__What the exercise asks__
Starting with the line that has "Puede incluir: Una" and finishing with the line that has "Luxury emerald cut", set down each line below exactly. Pictures are not copied.
-------- Given records --------
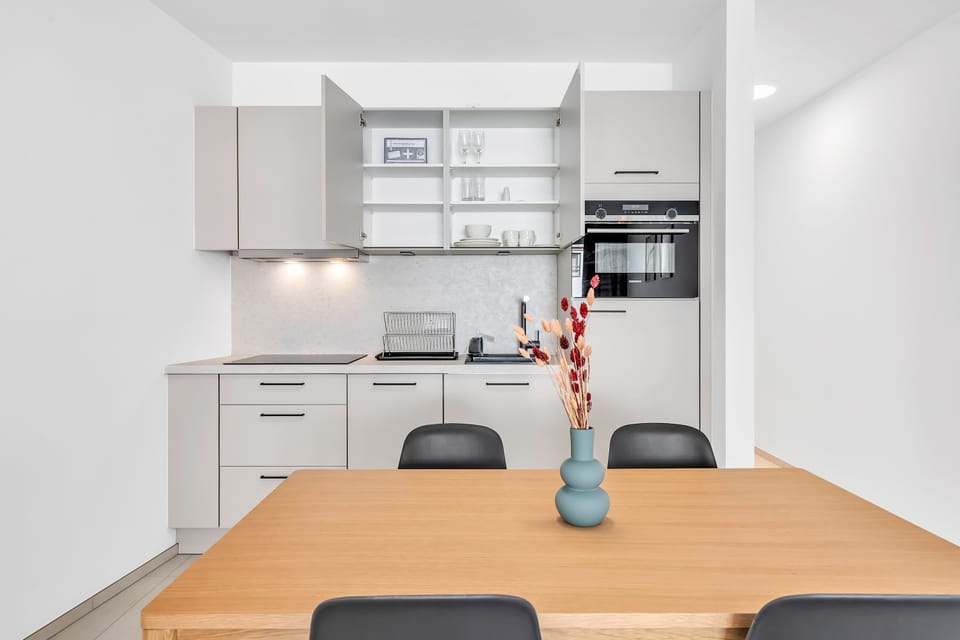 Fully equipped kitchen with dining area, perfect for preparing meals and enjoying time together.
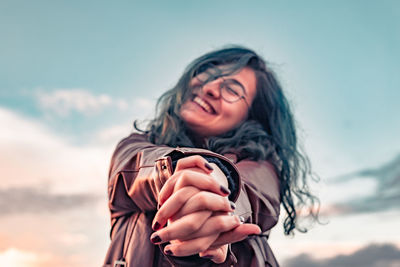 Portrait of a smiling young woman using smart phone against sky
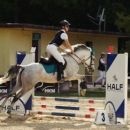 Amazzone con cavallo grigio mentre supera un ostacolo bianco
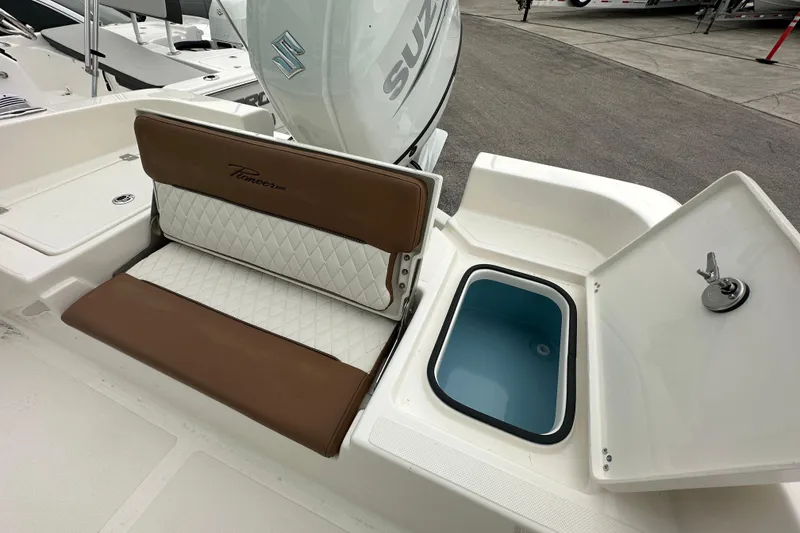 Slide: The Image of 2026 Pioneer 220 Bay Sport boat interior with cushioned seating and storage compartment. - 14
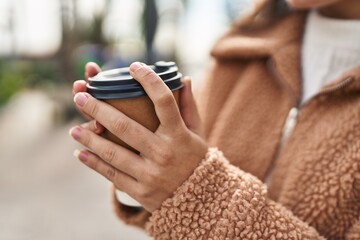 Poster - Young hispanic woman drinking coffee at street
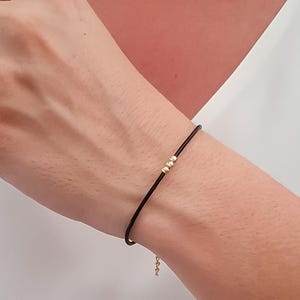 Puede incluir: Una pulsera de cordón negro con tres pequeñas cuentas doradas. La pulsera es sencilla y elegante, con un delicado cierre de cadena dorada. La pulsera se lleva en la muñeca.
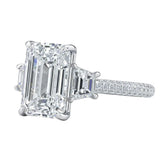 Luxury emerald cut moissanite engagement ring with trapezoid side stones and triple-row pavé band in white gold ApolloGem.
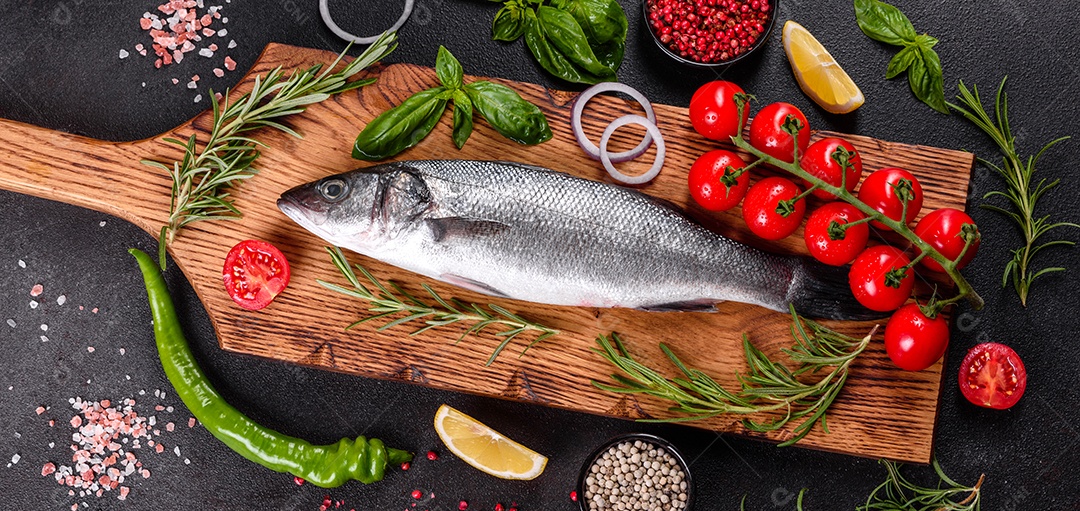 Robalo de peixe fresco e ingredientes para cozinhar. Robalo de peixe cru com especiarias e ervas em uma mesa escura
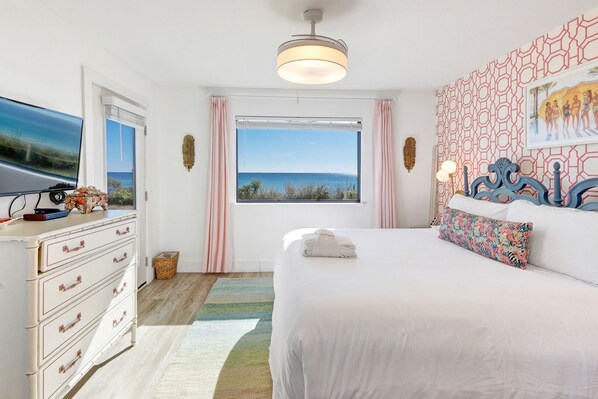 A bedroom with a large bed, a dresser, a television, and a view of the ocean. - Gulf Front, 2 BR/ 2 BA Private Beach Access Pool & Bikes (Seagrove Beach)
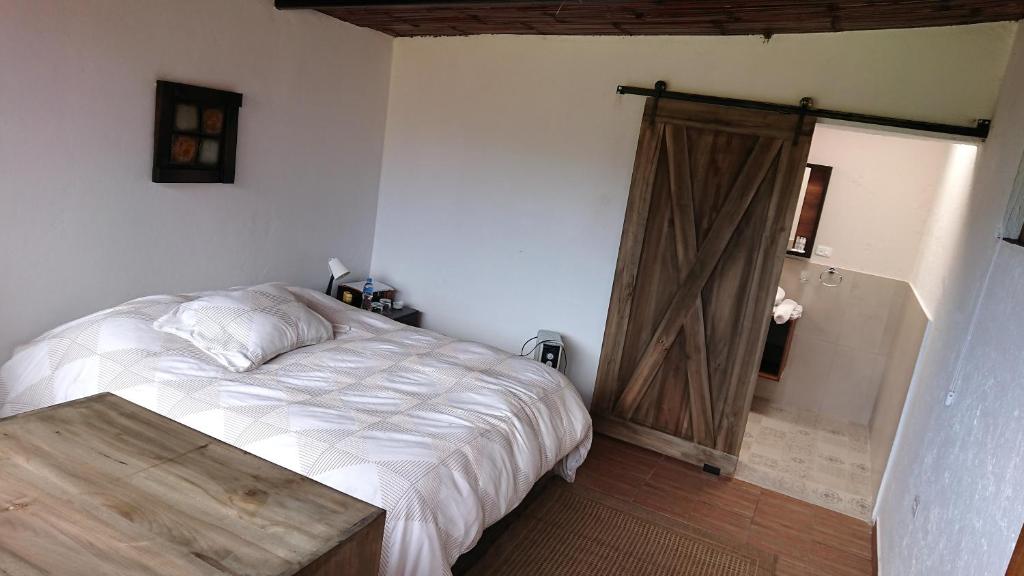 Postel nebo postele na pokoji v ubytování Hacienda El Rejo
--------
__Answer box__
 Puede incluir: Una pulsera de cordón negro con tres pequeñas cuentas doradas. La pulsera es sencilla y elegante, con un delicado cierre de cadena dorada. La pulsera se lleva en la muñeca.
 Luxury emerald cut moissanite engagement ring with trapezoid side stones and triple-row pavé band in white gold ApolloGem.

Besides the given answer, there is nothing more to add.